• [Information supplied]

[Start of section]

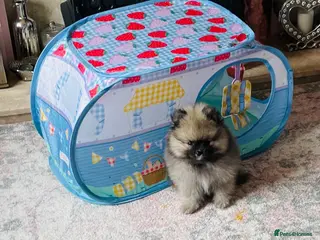 Pomeranian dogs 💙Ready now! Kc Teddy Bear Pomeranian💙 - Advert 7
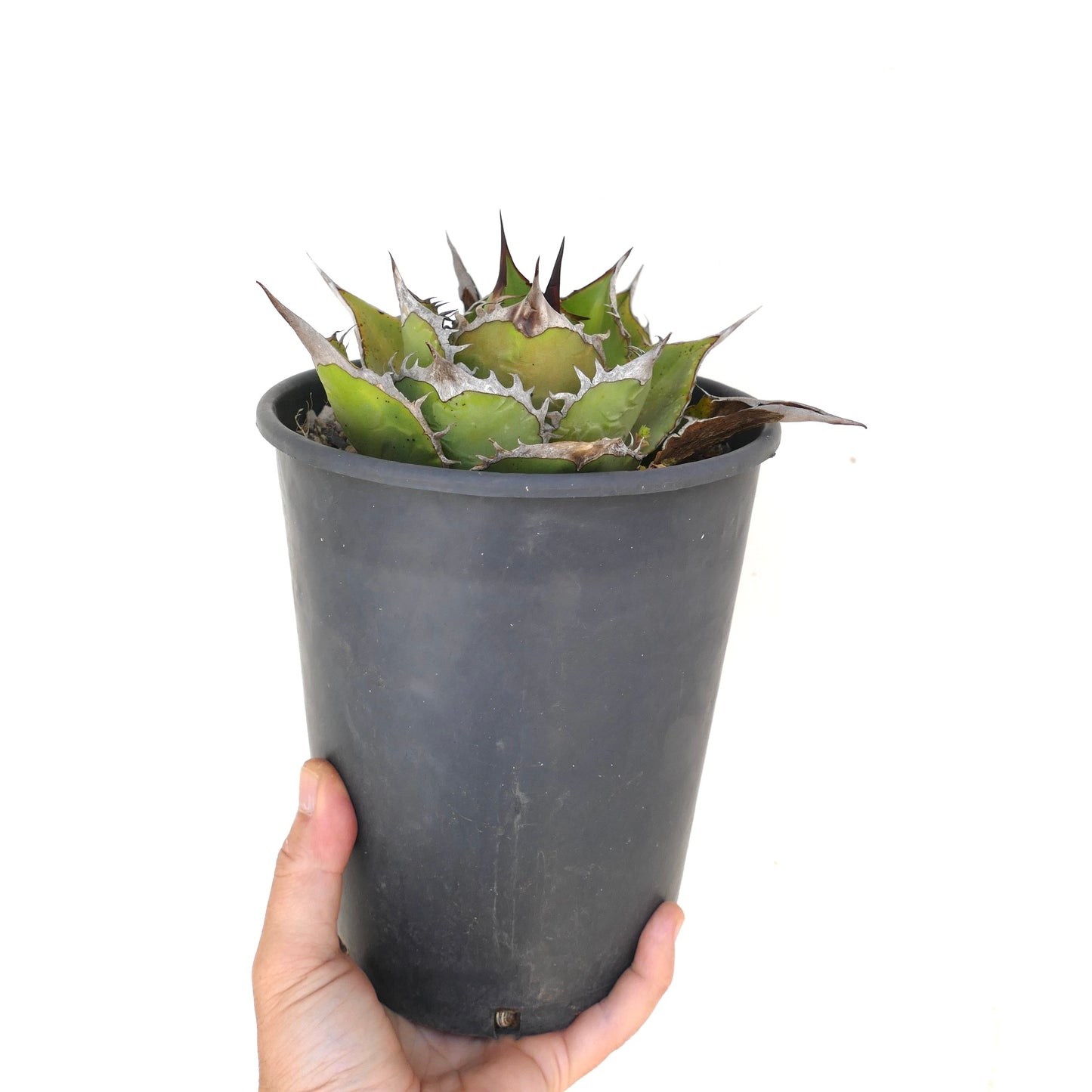 Agave titanota compacto suculento con hojas verdes gruesas y espinas marrones prominentes en maceta negra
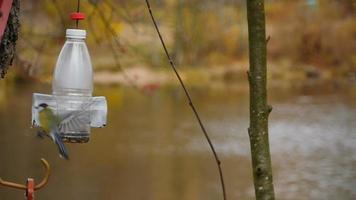 mees vliegt en voedt zich bij de feeder in slow motion in de herfst video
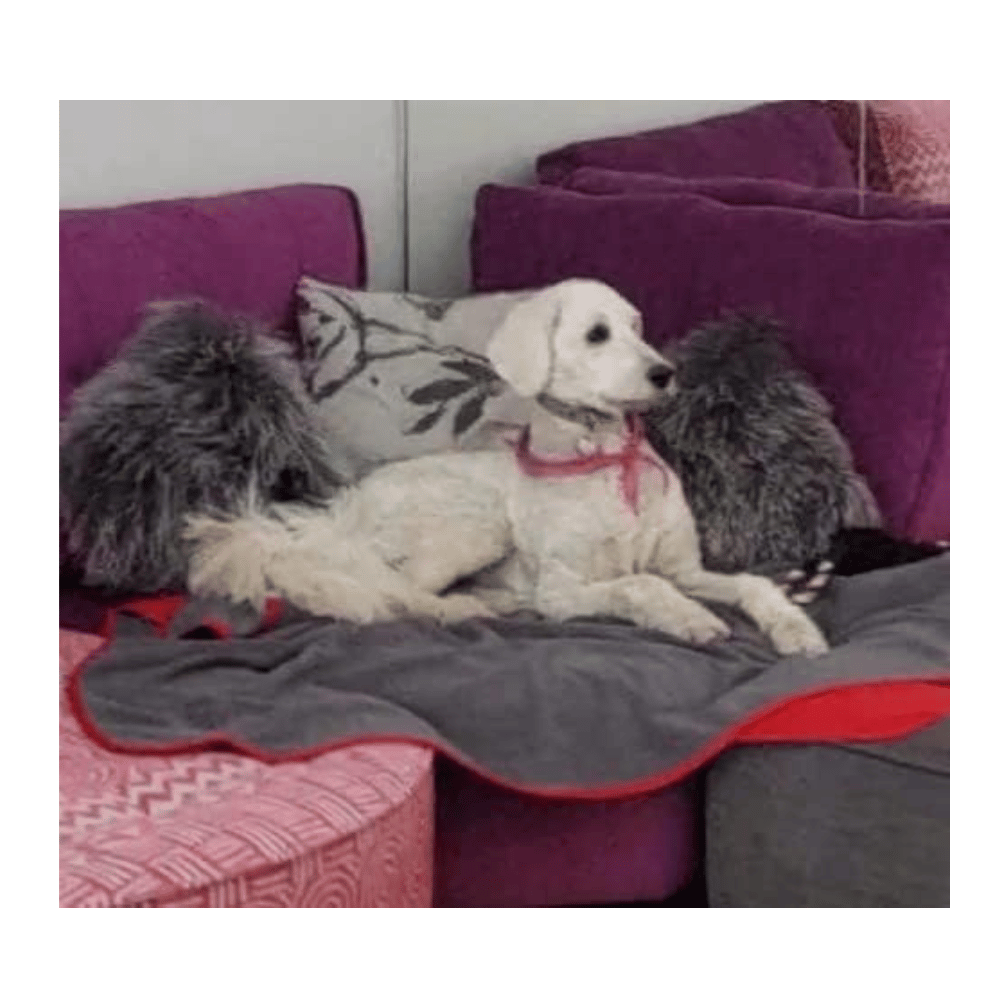 TOP Deluxe waterproof pet blanket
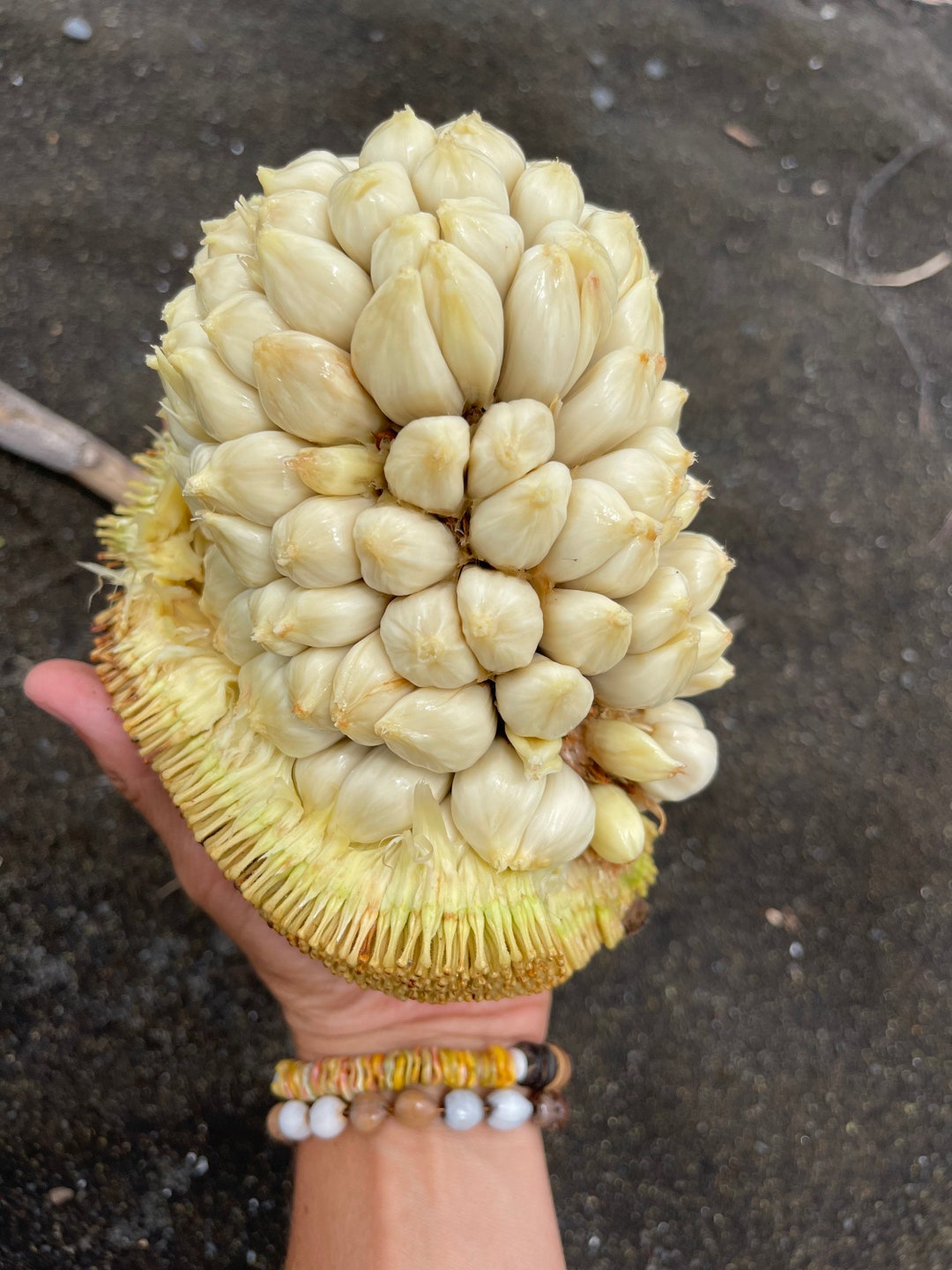 RARE Marang Fruit Seeds Etsy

[End of section]

Your answer must be the records exactly as they stand, with no pictures in it.

 Pomeranian dogs 💙Ready now! Kc Teddy Bear Pomeranian💙 - Advert 7
 Agave titanota compacto suculento con hojas verdes gruesas y espinas marrones prominentes en maceta negra
 mees vliegt en voedt zich bij de feeder in slow motion in de herfst video
 TOP Deluxe waterproof pet blanket
 RARE Marang Fruit Seeds Etsy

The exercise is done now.